The 65th National Awards has honoured 19-year-old actor Riddhi Sen for his performance as a transgender in Kaushik Ganguly's Nagarkirtan.

No stranger to awards and recognition even at this young age, Riddhi is overjoyed at being the youngest actor to win the National Award in the Best Actor category.

"I don't know if I am the youngest, but I must be the happiest!" Riddhi exclaims.

"I was shooting for a film when I was informed that I had won a National Award. So I celebrated in the best way possible -- by working!"

"My mother always taught me that hard work is the only means to achieving one's ambitions," says Riddhi.

"Acting is all I have known from my childhood."


Riddhi, who is born in a family of theatre and film actors, started his acting career when he was 11.

"I was doing theatre in my father (stage and film actor Kaushik Sen)'s theatre group (Swapanasandhani) from long before that."

At 15, Riddhi was honoured with the West Bengal government's prestigious award -- the Mahanayak Samman -- for his performance in Open Tee Bioscope.

Riddhi rejected the honour on political grounds.
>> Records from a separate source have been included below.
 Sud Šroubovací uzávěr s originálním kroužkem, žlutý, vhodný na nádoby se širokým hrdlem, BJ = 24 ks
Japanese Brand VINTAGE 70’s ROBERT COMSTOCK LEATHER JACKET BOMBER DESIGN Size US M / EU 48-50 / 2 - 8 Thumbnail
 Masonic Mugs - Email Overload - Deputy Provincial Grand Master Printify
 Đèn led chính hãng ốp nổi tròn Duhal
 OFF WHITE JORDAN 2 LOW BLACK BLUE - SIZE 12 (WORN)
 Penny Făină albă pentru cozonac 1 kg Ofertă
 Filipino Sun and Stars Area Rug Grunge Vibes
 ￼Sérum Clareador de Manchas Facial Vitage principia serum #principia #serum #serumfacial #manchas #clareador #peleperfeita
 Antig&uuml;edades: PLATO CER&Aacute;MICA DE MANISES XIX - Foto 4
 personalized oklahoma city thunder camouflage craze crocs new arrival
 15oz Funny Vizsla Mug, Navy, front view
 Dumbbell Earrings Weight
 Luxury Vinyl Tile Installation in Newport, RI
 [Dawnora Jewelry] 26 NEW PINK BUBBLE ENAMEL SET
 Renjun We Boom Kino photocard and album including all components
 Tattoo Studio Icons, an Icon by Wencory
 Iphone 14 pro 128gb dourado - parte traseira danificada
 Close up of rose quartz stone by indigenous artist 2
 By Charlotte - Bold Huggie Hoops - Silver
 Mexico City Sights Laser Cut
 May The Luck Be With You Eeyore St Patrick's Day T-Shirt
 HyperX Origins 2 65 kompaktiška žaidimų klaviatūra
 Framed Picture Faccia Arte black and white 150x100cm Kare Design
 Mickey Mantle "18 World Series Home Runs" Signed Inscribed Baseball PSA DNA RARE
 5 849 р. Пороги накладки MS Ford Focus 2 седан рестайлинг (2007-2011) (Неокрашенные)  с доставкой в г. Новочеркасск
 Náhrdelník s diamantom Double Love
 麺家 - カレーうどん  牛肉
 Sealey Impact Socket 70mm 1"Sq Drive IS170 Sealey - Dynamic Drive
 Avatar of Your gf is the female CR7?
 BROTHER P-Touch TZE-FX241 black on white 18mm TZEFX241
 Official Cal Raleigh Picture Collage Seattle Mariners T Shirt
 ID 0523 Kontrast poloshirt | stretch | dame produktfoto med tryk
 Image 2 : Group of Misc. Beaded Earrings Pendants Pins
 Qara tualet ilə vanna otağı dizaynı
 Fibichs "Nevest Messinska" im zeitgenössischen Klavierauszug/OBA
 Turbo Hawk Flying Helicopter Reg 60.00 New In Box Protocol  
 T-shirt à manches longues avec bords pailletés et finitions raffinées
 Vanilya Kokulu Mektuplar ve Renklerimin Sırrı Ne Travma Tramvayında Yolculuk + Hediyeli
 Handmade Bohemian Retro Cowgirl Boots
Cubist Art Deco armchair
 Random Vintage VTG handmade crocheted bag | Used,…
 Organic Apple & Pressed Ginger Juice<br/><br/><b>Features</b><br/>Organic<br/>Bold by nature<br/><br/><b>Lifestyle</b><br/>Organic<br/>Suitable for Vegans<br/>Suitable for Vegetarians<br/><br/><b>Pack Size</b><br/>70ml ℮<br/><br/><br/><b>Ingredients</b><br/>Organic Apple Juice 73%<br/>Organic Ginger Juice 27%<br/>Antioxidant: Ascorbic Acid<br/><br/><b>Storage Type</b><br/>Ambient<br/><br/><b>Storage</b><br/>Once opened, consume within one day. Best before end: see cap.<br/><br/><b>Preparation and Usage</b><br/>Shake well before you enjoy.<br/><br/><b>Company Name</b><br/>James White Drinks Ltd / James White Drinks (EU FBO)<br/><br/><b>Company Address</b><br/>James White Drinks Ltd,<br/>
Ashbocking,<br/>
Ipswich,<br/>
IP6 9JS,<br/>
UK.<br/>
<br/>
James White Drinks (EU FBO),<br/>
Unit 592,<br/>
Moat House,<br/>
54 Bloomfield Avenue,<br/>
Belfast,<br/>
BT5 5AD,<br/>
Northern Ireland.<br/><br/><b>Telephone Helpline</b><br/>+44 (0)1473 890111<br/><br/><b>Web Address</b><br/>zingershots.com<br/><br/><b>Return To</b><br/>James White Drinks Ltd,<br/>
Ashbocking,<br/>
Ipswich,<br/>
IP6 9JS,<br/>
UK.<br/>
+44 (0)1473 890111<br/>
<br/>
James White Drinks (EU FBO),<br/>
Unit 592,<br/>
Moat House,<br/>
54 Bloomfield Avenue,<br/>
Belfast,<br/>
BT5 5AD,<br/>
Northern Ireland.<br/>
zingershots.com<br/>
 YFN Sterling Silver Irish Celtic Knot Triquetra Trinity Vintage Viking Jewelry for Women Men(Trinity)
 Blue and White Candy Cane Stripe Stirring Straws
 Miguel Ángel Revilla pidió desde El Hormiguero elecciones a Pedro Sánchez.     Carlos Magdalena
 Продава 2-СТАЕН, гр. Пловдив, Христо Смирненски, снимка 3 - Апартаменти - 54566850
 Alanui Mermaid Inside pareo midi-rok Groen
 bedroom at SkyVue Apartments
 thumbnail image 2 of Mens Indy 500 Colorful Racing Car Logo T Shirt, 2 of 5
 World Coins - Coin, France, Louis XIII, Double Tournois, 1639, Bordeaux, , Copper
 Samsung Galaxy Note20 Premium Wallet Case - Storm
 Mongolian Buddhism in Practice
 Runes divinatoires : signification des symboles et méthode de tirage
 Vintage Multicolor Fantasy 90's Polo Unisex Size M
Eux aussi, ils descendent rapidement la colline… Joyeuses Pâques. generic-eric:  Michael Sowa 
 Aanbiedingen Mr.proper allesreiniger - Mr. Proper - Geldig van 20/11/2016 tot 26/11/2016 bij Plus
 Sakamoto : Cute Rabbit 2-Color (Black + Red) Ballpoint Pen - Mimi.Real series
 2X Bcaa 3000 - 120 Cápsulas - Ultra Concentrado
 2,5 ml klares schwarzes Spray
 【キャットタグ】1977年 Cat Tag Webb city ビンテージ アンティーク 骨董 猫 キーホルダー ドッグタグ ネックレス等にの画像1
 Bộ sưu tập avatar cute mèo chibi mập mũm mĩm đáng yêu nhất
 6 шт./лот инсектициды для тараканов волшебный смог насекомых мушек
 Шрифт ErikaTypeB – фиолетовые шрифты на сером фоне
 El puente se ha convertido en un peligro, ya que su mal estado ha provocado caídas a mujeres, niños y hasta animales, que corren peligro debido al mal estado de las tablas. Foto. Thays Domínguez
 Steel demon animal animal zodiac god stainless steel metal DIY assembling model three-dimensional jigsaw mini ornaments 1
Isn't he too young to be mixing art with politics?

"I don't agree," he replies. "Politics can never be separated from art in our country, no matter what an actor's age."

"I said no to that honour because first, I didn't think I was worthy at that young age of an award named after the great Uttam Kumar. Secondly, there was a lot of things in West Bengal's politics that I didn't like."

Chief Minister Mamata Banerjee must have been very upset?

"She still is, I think. But one has to be fearless in what one does. Otherwise, I'd have never accepted the challenge of doing Nagarkirtan," he says.

About his National Award-winning part in Nagarkirtan, Riddhi says, "Not for a moment did I consider rejecting the part just because it was unconventional."

"What is the point of being an actor if you don't dive into personalities that are unknown to you?"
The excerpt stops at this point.